For more time intense maintenance jobs, one should consider temporary stopping Icinga DB because it cannot work without a database. As @yhabteab wrote, it will retry the queries, but for a longer database absence, this will eventually fail. Furthermore, I am unsure if the "invalid connection" error will even be retried.

yhabteab · 2024-09-02T10:51:46Z

Do I have config options to prolong the 5m period?

No, you can't override the timeout at the moment!

Furthermore, I am unsure if the "invalid connection" error will even be retried.

See https://github.com/Icinga/icinga-go-library/blob/main/retry/retry.go#L190.

louiswebdev · 2024-09-02T11:38:27Z

@louiswebdev: Your systemd unit fix should work. Restarting the daemon shouldn't lead to errors. The HA logic would restrict the restarted Icinga DB daemon to directly take over, let the lease time out and then allow them to be the lead again.

For more time intense maintenance jobs, one should consider temporary stopping Icinga DB because it cannot work without a database. As @yhabteab wrote, it will retry the queries, but for a longer database absence, this will eventually fail. Furthermore, I am unsure if the "invalid connection" error will even be retried.

Hm 🤔

The problem with this is: maintenance on RDS databases always occurs during defined timeframes, preferably outside peak hours. We never know when exactly it will happen, and even if we knew it's most probably at a time we're not awake to stop services accordingly. We might consider now to schedule maintenance during daytime, but we prefer not to.

With the ido-mysql feature we are coming from this never was a problem, the system is up and running since mid 2019.

louiswebdev · 2024-09-02T11:43:43Z

Do I have config options to prolong the 5m period?

No, you can't override the timeout at the moment!

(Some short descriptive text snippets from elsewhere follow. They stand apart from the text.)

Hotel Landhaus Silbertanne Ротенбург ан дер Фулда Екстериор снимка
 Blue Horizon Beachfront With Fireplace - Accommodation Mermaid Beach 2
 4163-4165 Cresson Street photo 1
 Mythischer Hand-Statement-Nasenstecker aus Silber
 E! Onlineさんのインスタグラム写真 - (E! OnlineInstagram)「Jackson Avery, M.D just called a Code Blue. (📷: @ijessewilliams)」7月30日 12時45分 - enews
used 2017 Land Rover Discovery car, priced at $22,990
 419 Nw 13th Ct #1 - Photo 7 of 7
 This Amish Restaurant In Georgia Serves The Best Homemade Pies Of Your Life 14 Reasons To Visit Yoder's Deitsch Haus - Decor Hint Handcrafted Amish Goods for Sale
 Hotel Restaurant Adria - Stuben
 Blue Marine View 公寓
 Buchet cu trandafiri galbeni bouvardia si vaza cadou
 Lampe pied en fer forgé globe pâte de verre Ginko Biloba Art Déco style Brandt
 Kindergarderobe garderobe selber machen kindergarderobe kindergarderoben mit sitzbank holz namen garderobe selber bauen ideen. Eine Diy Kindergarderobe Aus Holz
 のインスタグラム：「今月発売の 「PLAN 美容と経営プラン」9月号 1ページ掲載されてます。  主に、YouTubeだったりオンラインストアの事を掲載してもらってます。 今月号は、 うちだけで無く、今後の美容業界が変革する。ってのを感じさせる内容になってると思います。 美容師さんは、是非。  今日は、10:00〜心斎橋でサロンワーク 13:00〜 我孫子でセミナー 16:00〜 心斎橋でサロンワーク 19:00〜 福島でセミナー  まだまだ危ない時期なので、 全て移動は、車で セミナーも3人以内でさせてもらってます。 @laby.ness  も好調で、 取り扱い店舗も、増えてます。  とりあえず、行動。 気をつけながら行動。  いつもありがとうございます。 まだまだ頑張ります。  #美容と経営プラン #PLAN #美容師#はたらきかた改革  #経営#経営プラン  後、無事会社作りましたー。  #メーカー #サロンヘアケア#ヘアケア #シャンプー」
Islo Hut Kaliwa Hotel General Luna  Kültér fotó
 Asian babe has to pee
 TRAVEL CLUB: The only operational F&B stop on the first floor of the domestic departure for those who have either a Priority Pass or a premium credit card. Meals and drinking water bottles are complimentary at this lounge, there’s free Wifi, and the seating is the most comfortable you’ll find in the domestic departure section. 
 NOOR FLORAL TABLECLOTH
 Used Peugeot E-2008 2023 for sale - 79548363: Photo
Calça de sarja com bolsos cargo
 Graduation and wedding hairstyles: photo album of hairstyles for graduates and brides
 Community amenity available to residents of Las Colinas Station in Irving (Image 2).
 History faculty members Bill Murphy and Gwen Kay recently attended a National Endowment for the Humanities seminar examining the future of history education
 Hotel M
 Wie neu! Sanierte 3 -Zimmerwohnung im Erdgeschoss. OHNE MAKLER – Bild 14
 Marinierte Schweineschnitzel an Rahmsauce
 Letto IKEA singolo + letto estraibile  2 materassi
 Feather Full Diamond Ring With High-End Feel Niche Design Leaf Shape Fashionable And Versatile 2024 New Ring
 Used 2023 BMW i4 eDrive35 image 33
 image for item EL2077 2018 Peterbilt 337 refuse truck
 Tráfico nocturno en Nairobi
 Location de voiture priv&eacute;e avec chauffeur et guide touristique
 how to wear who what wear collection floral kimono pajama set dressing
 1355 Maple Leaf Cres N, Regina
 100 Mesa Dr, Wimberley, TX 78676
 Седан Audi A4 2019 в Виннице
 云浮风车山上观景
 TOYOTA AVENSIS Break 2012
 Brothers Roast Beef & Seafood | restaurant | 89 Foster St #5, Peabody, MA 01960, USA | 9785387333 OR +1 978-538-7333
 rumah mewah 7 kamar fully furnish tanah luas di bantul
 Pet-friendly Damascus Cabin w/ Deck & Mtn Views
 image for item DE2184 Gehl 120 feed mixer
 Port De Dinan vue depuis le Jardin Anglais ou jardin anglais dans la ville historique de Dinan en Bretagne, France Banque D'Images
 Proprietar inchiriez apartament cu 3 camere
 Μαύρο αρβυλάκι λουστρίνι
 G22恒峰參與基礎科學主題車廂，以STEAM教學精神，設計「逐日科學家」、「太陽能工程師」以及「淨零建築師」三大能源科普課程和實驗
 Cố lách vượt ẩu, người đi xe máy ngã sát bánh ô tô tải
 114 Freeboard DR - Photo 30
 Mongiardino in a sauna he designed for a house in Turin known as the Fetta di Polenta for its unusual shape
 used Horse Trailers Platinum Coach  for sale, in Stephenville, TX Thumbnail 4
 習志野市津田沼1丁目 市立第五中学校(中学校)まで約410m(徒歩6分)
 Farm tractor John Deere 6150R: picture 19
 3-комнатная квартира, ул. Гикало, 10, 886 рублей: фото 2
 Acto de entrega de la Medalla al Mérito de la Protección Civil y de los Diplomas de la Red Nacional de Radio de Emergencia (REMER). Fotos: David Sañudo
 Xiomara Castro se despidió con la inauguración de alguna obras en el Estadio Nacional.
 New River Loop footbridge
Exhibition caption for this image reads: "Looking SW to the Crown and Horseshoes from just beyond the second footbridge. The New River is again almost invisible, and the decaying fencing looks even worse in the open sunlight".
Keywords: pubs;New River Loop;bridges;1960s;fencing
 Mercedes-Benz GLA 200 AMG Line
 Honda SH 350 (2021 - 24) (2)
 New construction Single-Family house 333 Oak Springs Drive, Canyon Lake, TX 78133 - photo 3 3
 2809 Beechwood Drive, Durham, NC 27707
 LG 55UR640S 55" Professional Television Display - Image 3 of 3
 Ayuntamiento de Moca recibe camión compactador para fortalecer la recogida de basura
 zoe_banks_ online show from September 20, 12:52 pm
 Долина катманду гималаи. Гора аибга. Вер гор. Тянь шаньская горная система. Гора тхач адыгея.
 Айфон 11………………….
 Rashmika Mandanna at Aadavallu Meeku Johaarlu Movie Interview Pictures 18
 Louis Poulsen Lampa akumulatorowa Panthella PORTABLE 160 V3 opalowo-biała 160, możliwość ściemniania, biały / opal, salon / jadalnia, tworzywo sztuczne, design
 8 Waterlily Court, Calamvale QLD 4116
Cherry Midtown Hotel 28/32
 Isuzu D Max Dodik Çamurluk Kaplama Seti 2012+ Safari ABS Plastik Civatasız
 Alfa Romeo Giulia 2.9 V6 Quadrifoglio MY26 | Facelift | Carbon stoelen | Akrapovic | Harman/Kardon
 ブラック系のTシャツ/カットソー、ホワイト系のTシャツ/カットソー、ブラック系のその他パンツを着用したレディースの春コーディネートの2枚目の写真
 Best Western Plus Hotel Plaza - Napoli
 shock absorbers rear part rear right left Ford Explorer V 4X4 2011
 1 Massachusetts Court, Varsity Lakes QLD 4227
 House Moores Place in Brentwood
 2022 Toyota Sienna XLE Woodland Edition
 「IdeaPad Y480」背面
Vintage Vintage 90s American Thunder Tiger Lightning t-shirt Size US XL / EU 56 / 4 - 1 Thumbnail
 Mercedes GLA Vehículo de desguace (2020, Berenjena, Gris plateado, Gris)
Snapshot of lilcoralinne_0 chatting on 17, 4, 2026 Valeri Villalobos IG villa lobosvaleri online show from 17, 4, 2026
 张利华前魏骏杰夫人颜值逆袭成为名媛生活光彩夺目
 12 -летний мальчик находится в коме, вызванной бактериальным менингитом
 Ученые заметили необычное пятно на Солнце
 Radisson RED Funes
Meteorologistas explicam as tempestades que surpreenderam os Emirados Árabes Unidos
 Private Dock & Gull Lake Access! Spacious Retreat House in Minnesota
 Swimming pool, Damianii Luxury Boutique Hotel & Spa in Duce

Maybe that's a feature we would like to see then - but we think it's not super-urgent, since those maintenances that require offline-operations do not occur very often and the aforementioned systemd config is in effect now.

louiswebdev · 2024-09-03T06:20:32Z

During/after scheduled maintenance of the database service we found both IcingaDB systemd units failed.

Hi, how long did that maintenance window last? Icinga DB actually retries such temporary errors, but only for 5m and if the database does not return to its operational state within this time slot, it ultimately gives up and crashes with retry deadline exceeded.

Oh, one more thing: only one of the nodes exited with retry deadline exceeded, the other one bailed out with HA aborted and HA exited with an error five minutes before the first node.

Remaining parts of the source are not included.